In this section you can check details about what each stack supports.

When one of the supported tools can't be detected, pipelinit generates a pipeline configuration with the tool marked as default. If your project doesn't use one of those tools with custom configurations, the pipeline generated uses sensible defaults from the picked tools.

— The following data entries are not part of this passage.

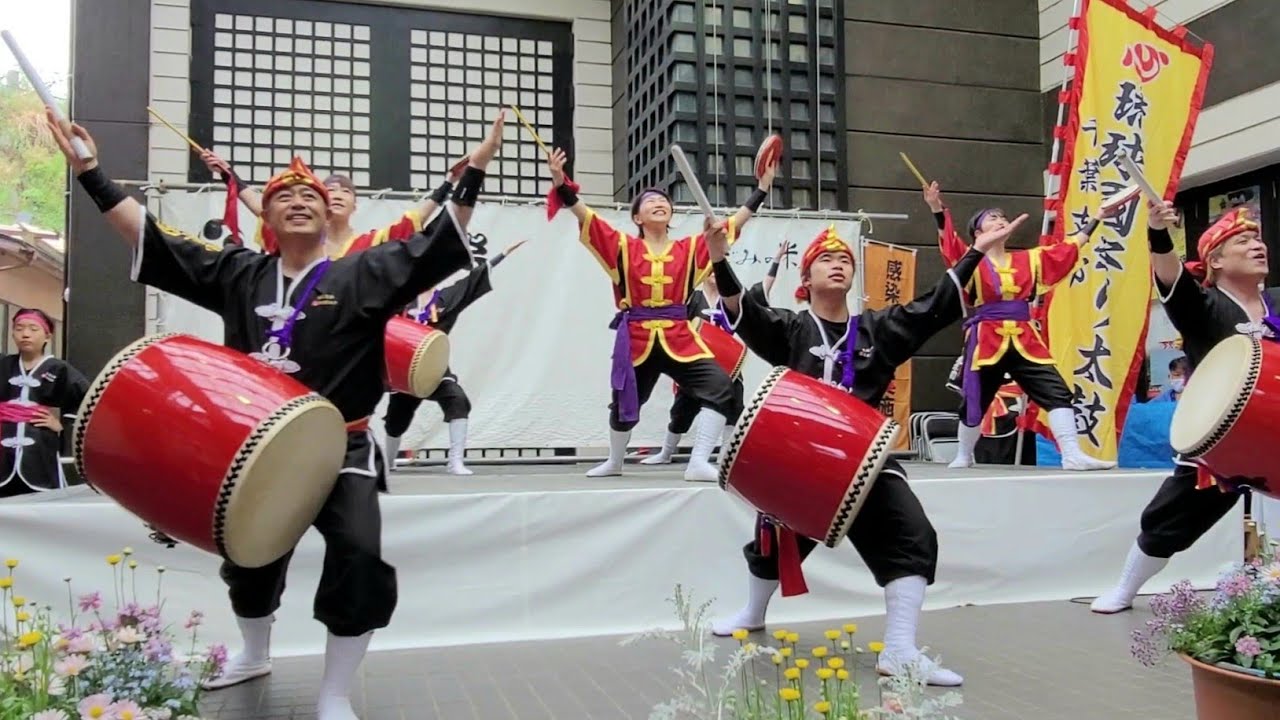「エイサーの夜」成田太鼓祭り　琉球國祭り太鼓　　2023年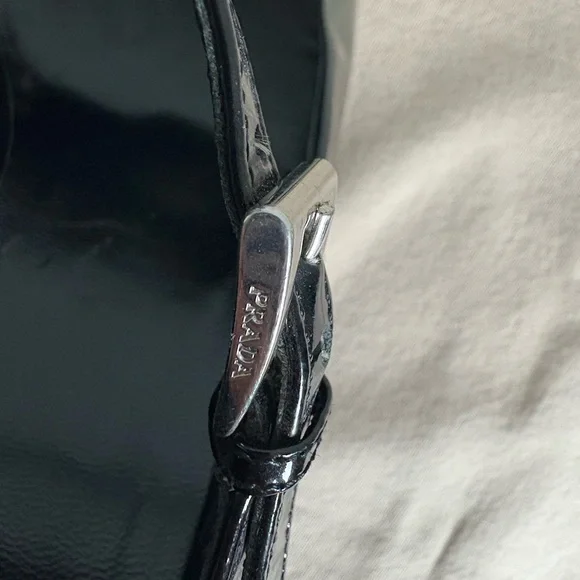 Prada Ombré Patent Leather Mary Jane Pumps - IT 39 - Picture 4 of 10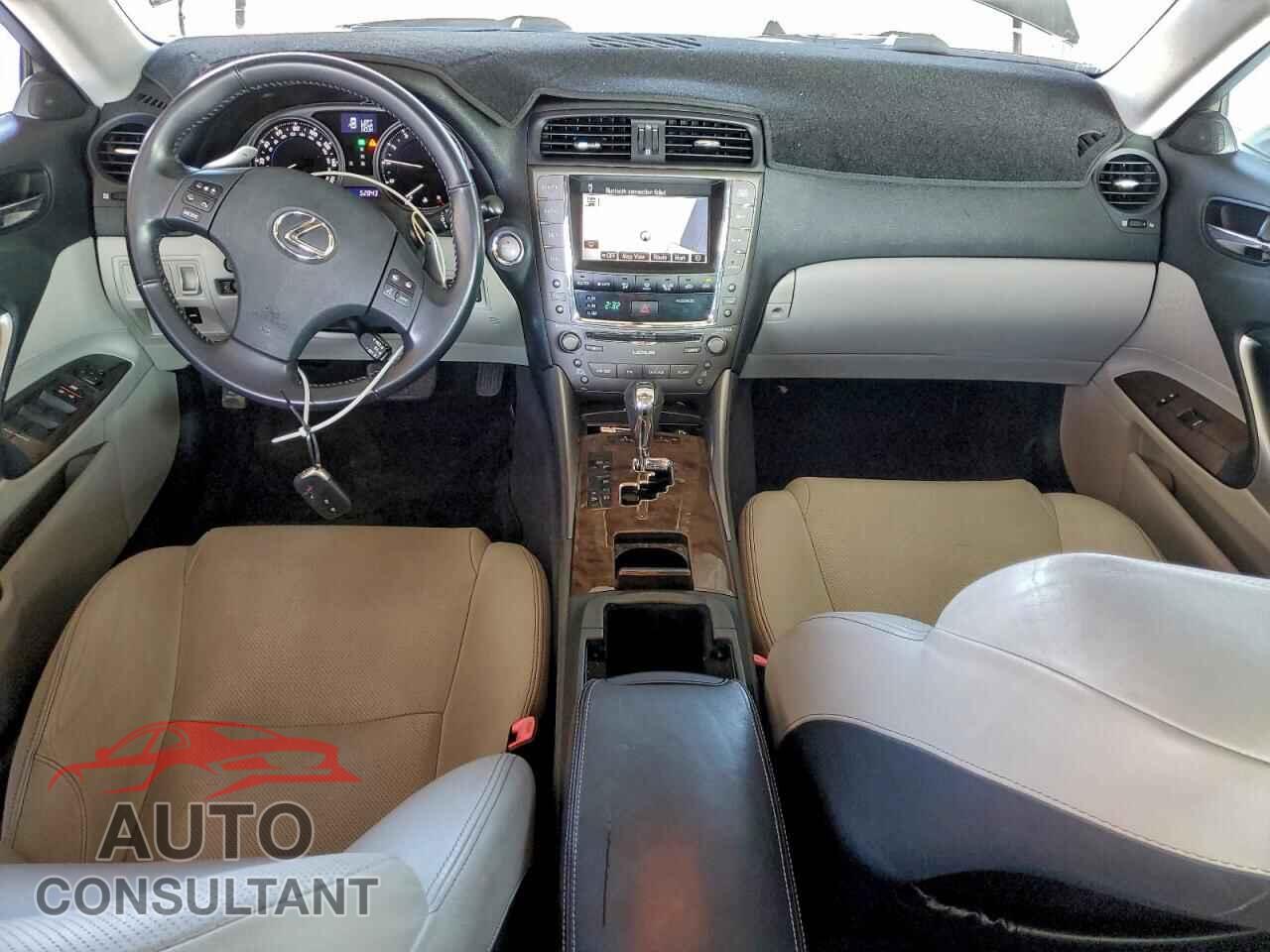 LEXUS IS 2009 - JTHBK262892090344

If this isn't desired, you can disable this with the flag --no-default-stage.

CSS Support

Package Managers

Flavors

Tools

Stage Tools
Format Prettier (default)
Lint stylelint (default)

JavaScript Support

Package Managers

Flavors

Runtime

Tools

Stage Tools
Format Prettier (default), Deno
Lint ESLint (default), Deno
Test Deno

Python

Tools

Stage Tools
Lint Flake8

Development

Pipelinit is built with Deno. To develop, test or build the project, make sure you have Deno installed. You can check how to install it in the official Deno website

Manual testing

To quickly test the tool in your local environment, install it as a script. In this project root run:

deno install      \
  --unstable      \
  --allow-read=.  \
  --allow-write=. \
  pipelinit.ts

When you update the code in the repository, just run "pipelinit" again in the target project to start the CLI with the latest changes.

Automated testing

To run the project automated tests use:

deno --unstable test --allow-read --coverage=cov_profile

And to check the test coverage use:

deno coverage cov_profile
⚠️ Clear the content from cov_profile between each test run. Otherwise your coverage data may be incorrect.

Compiling

To generate compiled executables for Linux, Windows, and macOS, run the following command:

deno run --unstable --allow-read --allow-write --allow-net --allow-env --allow-run build.ts

This creates one executable per target with the following name pattern:

pipelinit-<VERSION>-<TARGET>

And the correspondent compressed file:

  • .tar.gz for Linux and macOS
  • .zip for Widnows

It also generates one executable named just "pipelinit", that uses the native target (the computer where you ran the build).

The build script puts those files in the "bin" directory.